It was even more toxic than expected: Donald Trump and Joe Biden delivered a violent exchange of blows in the TV duel. How the candidates were doing and what was important: the lightning analysis.
Five weeks before the US presidential election, Donald Trump and Joe Biden met for the first time in a television duel. The opponents fought a violent and personal argument in Cleveland, Ohio. They also exchanged verbal abuse.
The main findings in lightning analysis:
This is how the debate went
After a few minutes things got chaotic, mainly thanks to the president. Donald Trump quickly and extensively began to interrupt opponent Biden and presenter Chris Wallace. Wallace struggled to lead the debate. Only after less than an hour did he warn Trump more clearly to abide by the rules. Differences in content also became apparent in the debate, for example in economic and climate policy, but personal attacks and wild talk dominated. It didn’t take fifteen minutes until Joe Biden lost his temper for the first time: He called out to the president, “Shut up man?”
This is how Trump did
From the beginning his goal was to disrupt and interrupt. In fact, he occasionally confused both Biden and presenter Wallace. He shot himself into Biden’s character and person. Even when Biden spoke about his son Beau, who had died of cancer, Trump provoked him with questions about his other son Hunter, whom he accused of unfair business. Beforehand, Trump was expected to provoke Biden with questions about his son. But even political supporters later stated that Trump had overshot the mark. Consultant Chris Christie called the performance “too hot”.

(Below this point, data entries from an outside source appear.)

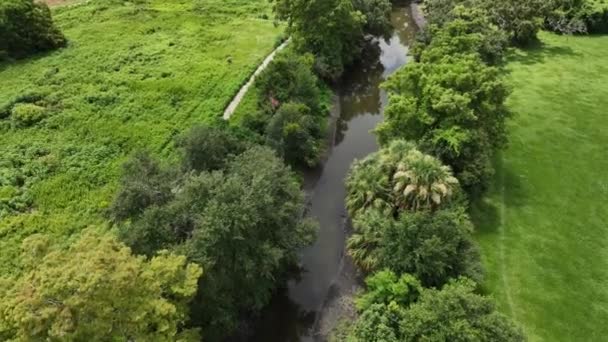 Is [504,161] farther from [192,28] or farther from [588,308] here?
[192,28]

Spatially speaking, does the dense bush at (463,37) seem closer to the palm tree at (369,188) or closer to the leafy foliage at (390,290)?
the palm tree at (369,188)

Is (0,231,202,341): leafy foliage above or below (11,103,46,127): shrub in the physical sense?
above

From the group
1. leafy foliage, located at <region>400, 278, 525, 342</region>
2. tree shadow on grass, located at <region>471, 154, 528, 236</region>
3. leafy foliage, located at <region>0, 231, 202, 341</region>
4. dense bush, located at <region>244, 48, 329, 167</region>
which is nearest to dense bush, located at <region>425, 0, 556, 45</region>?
dense bush, located at <region>244, 48, 329, 167</region>

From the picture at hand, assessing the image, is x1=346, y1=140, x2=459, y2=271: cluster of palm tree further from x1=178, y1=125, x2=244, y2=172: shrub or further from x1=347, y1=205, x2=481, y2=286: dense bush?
x1=178, y1=125, x2=244, y2=172: shrub

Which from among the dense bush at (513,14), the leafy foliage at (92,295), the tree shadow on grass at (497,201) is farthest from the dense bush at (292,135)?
the dense bush at (513,14)

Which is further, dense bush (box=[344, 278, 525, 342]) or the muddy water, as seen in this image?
the muddy water

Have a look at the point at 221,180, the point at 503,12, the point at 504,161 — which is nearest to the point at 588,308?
the point at 504,161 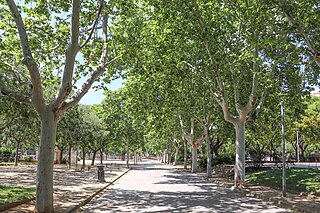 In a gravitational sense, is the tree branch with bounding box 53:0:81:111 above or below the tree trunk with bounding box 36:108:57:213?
above

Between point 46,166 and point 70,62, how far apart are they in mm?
3255

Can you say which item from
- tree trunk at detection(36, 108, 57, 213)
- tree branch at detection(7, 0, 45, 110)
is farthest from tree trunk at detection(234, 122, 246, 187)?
tree branch at detection(7, 0, 45, 110)

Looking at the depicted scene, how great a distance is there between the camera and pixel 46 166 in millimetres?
9812

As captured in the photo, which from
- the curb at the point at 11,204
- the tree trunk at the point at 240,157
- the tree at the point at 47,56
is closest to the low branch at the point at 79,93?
the tree at the point at 47,56

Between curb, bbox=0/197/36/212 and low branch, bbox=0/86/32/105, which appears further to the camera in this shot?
low branch, bbox=0/86/32/105

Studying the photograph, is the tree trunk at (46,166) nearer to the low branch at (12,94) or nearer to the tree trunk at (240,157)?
the low branch at (12,94)

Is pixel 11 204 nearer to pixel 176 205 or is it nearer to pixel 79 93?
pixel 79 93

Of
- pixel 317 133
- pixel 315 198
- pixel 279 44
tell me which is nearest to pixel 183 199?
pixel 315 198

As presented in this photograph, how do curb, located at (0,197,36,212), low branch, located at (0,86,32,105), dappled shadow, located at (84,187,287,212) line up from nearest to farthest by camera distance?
1. curb, located at (0,197,36,212)
2. low branch, located at (0,86,32,105)
3. dappled shadow, located at (84,187,287,212)

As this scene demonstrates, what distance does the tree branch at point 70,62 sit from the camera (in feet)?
33.6

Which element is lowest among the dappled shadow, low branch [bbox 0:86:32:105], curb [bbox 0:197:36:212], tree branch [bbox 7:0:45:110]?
the dappled shadow

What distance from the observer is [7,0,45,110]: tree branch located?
9492mm

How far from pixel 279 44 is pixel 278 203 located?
232 inches

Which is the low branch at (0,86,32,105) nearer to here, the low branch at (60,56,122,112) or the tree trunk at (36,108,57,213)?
the tree trunk at (36,108,57,213) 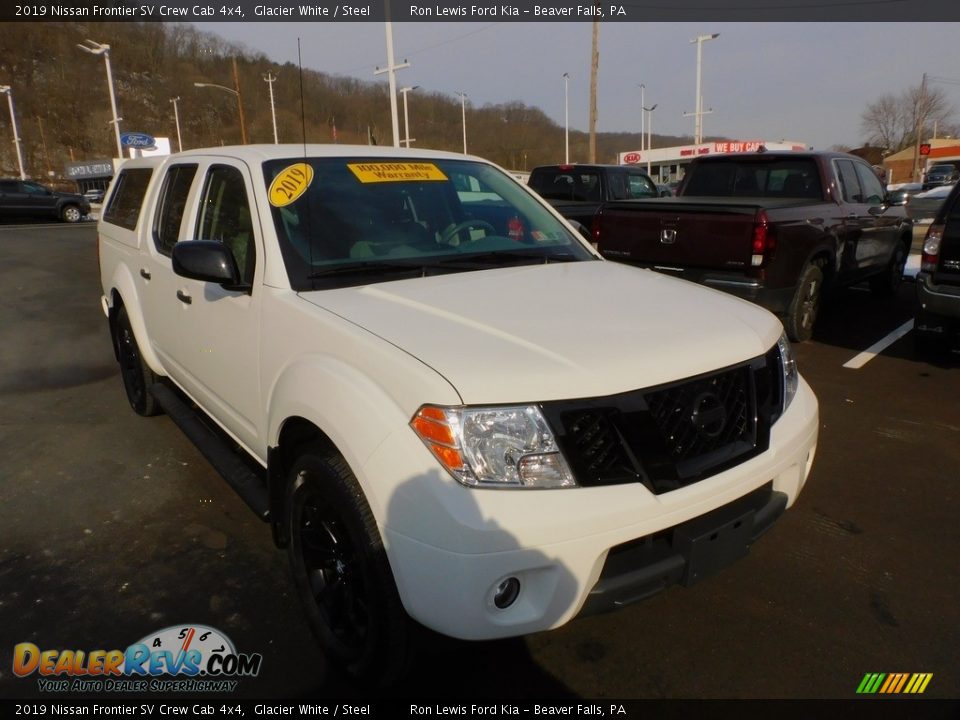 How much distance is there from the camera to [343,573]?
7.43ft

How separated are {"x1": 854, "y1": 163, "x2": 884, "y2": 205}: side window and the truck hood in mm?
6137

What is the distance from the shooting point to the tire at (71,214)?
2664 centimetres

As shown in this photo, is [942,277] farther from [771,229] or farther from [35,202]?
[35,202]

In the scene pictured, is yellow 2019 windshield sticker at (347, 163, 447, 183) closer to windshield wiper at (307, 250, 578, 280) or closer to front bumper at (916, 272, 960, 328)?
windshield wiper at (307, 250, 578, 280)

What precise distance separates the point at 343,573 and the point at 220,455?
1285 mm

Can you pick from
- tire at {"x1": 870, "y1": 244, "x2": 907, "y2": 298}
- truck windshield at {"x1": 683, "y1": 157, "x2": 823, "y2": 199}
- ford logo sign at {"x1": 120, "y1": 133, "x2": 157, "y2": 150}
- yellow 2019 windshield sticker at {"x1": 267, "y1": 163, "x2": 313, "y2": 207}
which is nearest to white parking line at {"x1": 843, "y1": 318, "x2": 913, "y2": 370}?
tire at {"x1": 870, "y1": 244, "x2": 907, "y2": 298}

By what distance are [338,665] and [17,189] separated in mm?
29266

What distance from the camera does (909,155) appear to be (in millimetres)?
75000

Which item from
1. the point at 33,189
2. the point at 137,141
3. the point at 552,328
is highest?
the point at 137,141

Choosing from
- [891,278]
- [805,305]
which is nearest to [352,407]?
[805,305]

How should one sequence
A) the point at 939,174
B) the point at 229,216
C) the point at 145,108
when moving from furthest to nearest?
the point at 145,108 → the point at 939,174 → the point at 229,216

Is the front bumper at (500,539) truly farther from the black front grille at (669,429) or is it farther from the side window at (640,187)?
the side window at (640,187)

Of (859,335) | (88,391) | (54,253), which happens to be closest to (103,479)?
(88,391)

Time and again Trump pushed Biden into the corner of left-wing Democrats and their plans to cut money from the police. Biden distanced himself again and again. “An avalanche of lies,” said the CNN fact-checker for Trump’s appearance.
This is how Biden acted
Joe Biden tried to defend himself against Trump’s maneuver with a dual strategy. But he always ran into limits. On the one hand, Biden smiled conspicuously and meaningfully several times when Trump made unfounded claims or attacked him directly. He wanted to make it clear that he does not want to stoop to Trump’s level. “I’m not here to point out his lies,” he said at the outset. “Everyone knows he’s a liar.”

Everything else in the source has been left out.